# A short video of my feral Zion



## Rycharde (Jun 28, 2007)

Well now hes gone and made a nest. On my head. I picked him up, then he got on my shoulder. Took some cute photos. The he jumped on my head! Scratched around and moved some hair the way he wanted it. Now hes on my head. He likes my head. 
Crazy bird! Well everyone here agrees that he loves me to bits and that hes starting to bond with me. I think so too. He just hates being fed but hey! Can't eat on your own this is what you get!
Thats all I have to say to him! Whats cool is that I'm sitting across from my bathroom and I can see him in the vanity mirror, perched on my head. All content and relaxed. Good scalp massage. Loves him!!!

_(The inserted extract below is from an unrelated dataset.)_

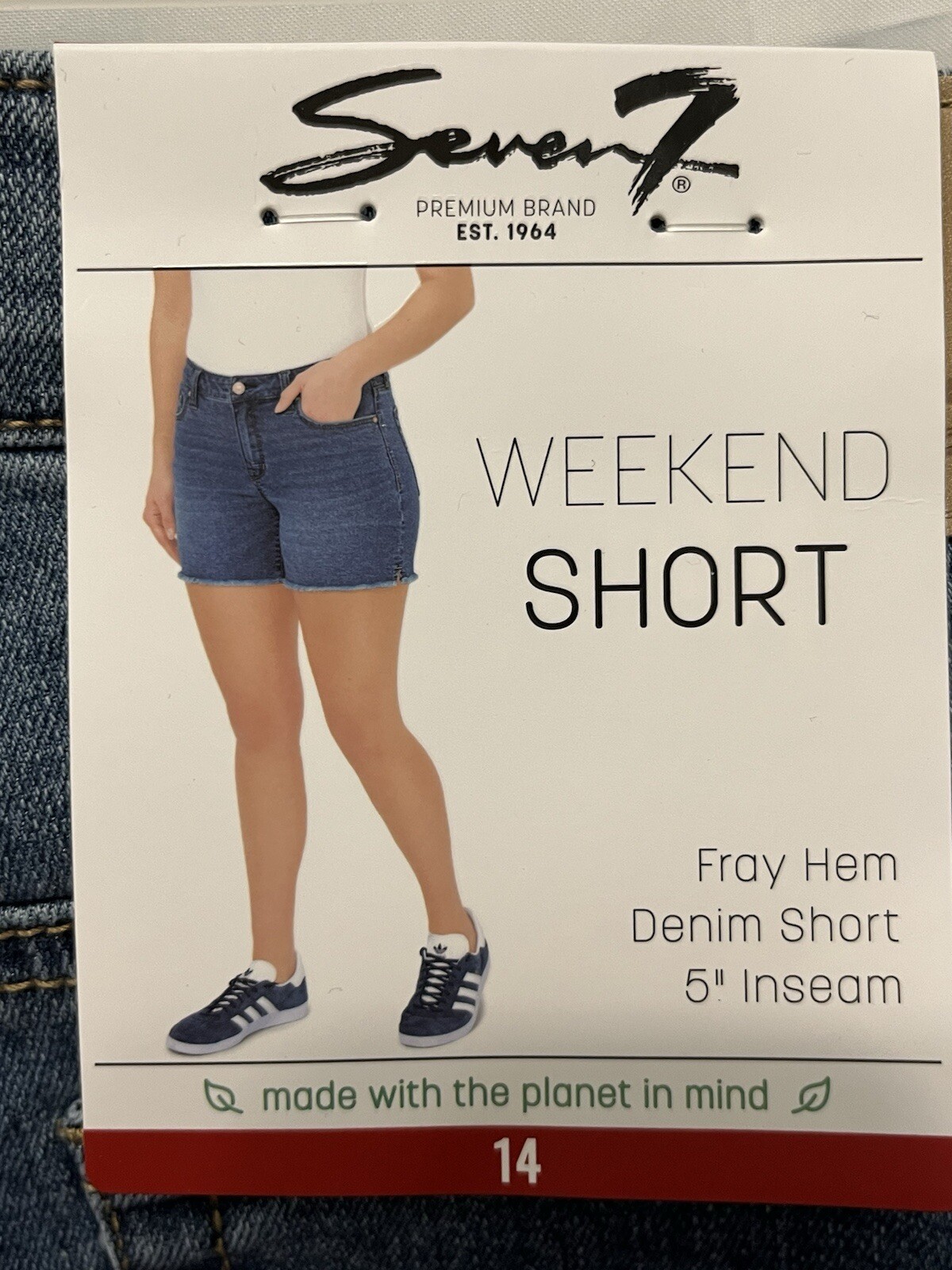 Seven7 Women’s 5″ Fray Hem Mid Rise Comfortable Denim Weekend Short Sz 14 $59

Oh is it a him? I can't exactly tell males and females apart. Hes got purple and green feathers...?


----------



## Pidgey (May 20, 2005)

You can't tell for sure for a few months.

Pidgey


----------



## Rycharde (Jun 28, 2007)

Here he be again 



I'm so proud of this little guy, we are getting along so well now. Time to wake up grumpy Seph for diner and meds.


----------



## feralpigeon (Feb 14, 2005)

Lots of good threads in the archives on sexing a pigeon that you can pull
up using the search engine above. Here's a link to a study that Cornell
University did on behavioral differences:

http://www.birds.cornell.edu/programs/urbanbirds/HowTo/ubs_PIWCourtshipEN.html

Just to give you an idea, but nothing is really firmed up until they actually 
drop that egg. 

fp


----------



## warriec (Feb 2, 2007)

is yr bird living alone or does he have a friend


----------



## Rycharde (Jun 28, 2007)

My bird has a very grumpy, anti social, banged up buddy. Seph, the other bird is not so social because he has no feathers on one wing and is in pain I would assume. Zion is a youngin' and very loving toward people while Seph knows hes not supposed to be in my house, or even alive after what happened to him.


----------



## Skyeking (Jan 17, 2003)

Give them both time, as it will tell all.


----------